Birthday Boy and grandson:
We didn't have that much time, so we forewent checking out the mansions; they're big tourist destinations, especially this time of year. We also had to skip walking through the historic district; neat little neighborhoods of narrow cobblestone streets and very old, brightly painted, fishing village buildings. Next time...
It was now late afternoon, and we left for Fall River, about twenty five minutes or so away.
An interesting feature of this old mill city are the factories and warehouses made of granite. This gives them a nice tan color, unlike the red brick factories of contemporary industrial era cities, like Holyoke and Lowell.
Fall river thrived in the late nineteenth century, into the 1920's; mostly through it's cotton mills. It was a huge immigration destination. It used to have a beautiful river called the Quequechan, that was sadly, literally, covered over by the factories. It's now underground current became relegated to sewer duty. The underground river and it's water falls were briefly uncovered when some of the abandoned factories burned down in the twentieth century, only to see it's waterfalls blasted down, and the river covered over again, by Interstate 195. How sad, and (in retrospect) short sighted.

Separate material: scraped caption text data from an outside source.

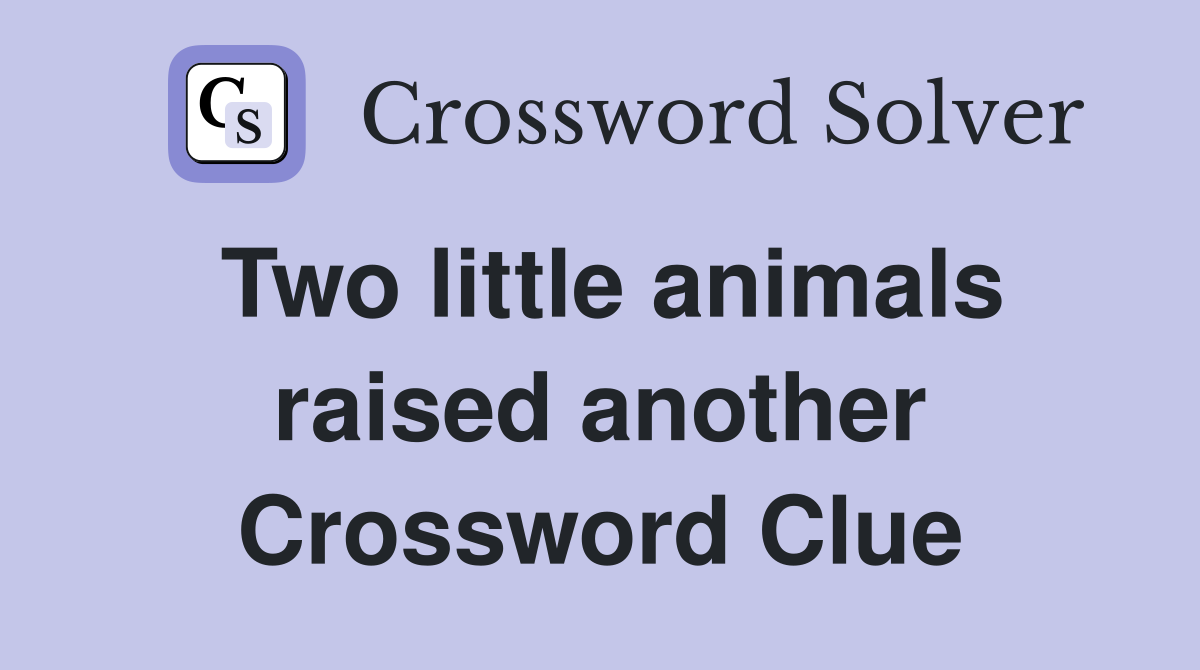Two little animals raised another Crossword Clue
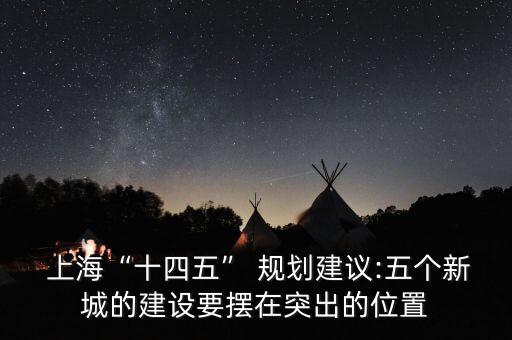  上?！笆奈濉?規(guī)劃建議:五個新城的建設(shè)要擺在突出的位置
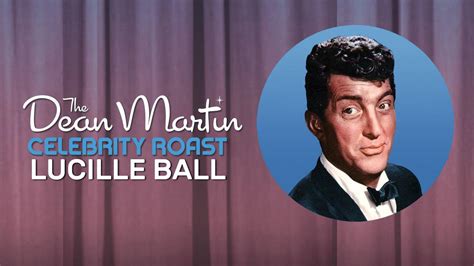 Watch The Dean Martin Celebrity Roast: Lucille Ball Streaming Online on ...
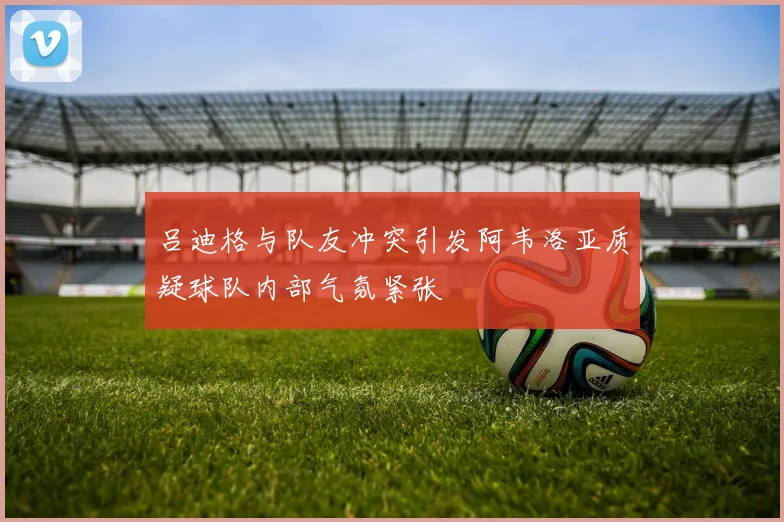 吕迪格与队友冲突引发阿韦洛亚质疑球队内部气氛紧张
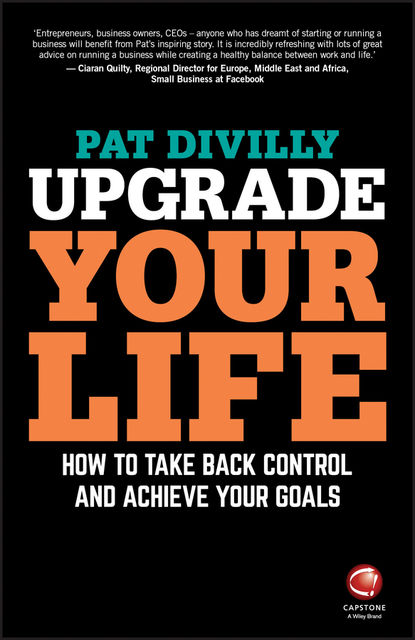 Upgrade Your Life, Pat Divilly
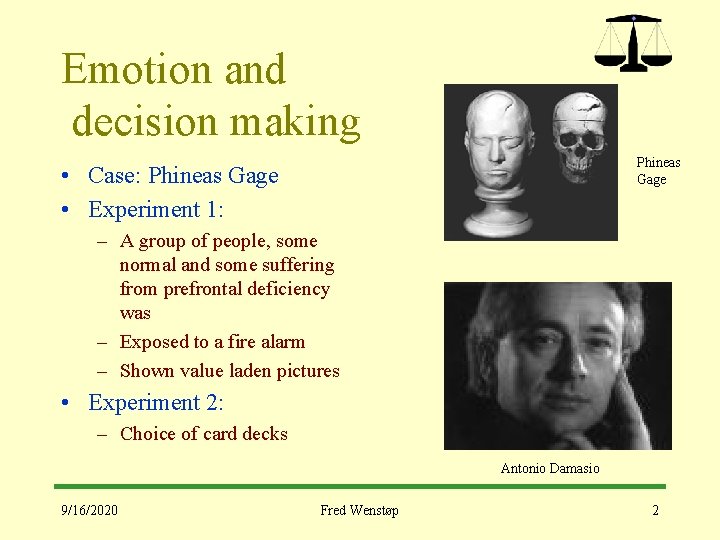 Emotion and decision making Phineas Gage • Case: Phineas Gage • Experiment 1: –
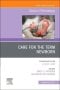 Care for the Term Newborn, An Issue of Clinics in Perinatology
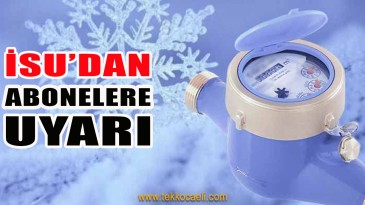 İSU’dan Kocaeli’ye Uyarı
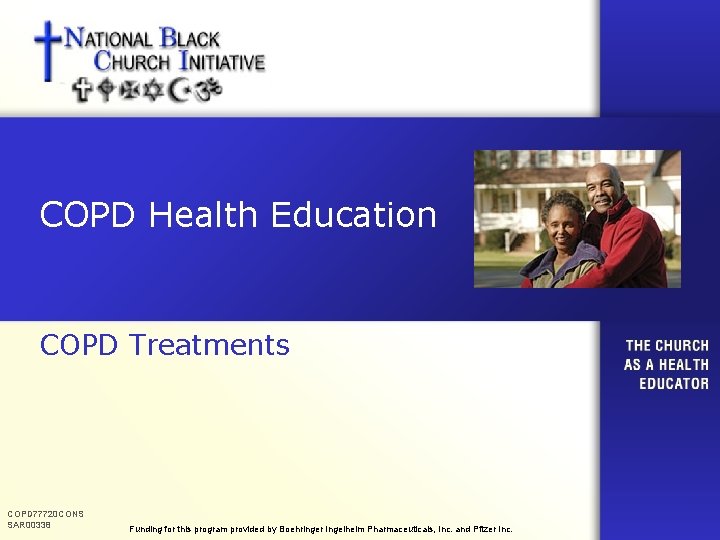 COPD Health Education COPD Treatments COPD 77720 CONS SAR 00338 Funding for this program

My father did a stint as a truck driver for a Portuguese foods wholesaler a long time ago. As a result, he knows every great Portuguese restaurant from Boston to Philadelphia. The Beira Alta, is on his short list.
When we entered, we (everyone but my dad and mom) were surprised to find the tables all had numbers on them, big maroon napkins on long white linen tables, a huge centerpiece of flowers in the middle, and a DJ playing, loudly, on the stage by a dance floor. The place seemed to have kind of a wedding reception atmosphere. Right down to kids running around in between the tables and playing on the dance floor. I thought it was odd at first, but my dad brushed off any inquiries as to the restaurant's wedding theme. Once we got our food I realized why. Man. This was Portuguese food. I got the spicy Shrimp Mozambique, possibly some of the best I ever had, and a steak/fried egg/potato wedges platter. It was true Portuguese fare. Chris ordered up some flaming Chourico sausages, another favorite.
After dinner we had espressos and brandy, while my dad discussed soccer with The Flash.
My niece and nephew, dizzy with the energy from the big meal, worked off some calories on the dance floor:
I'm sure they slept like babes on the way home.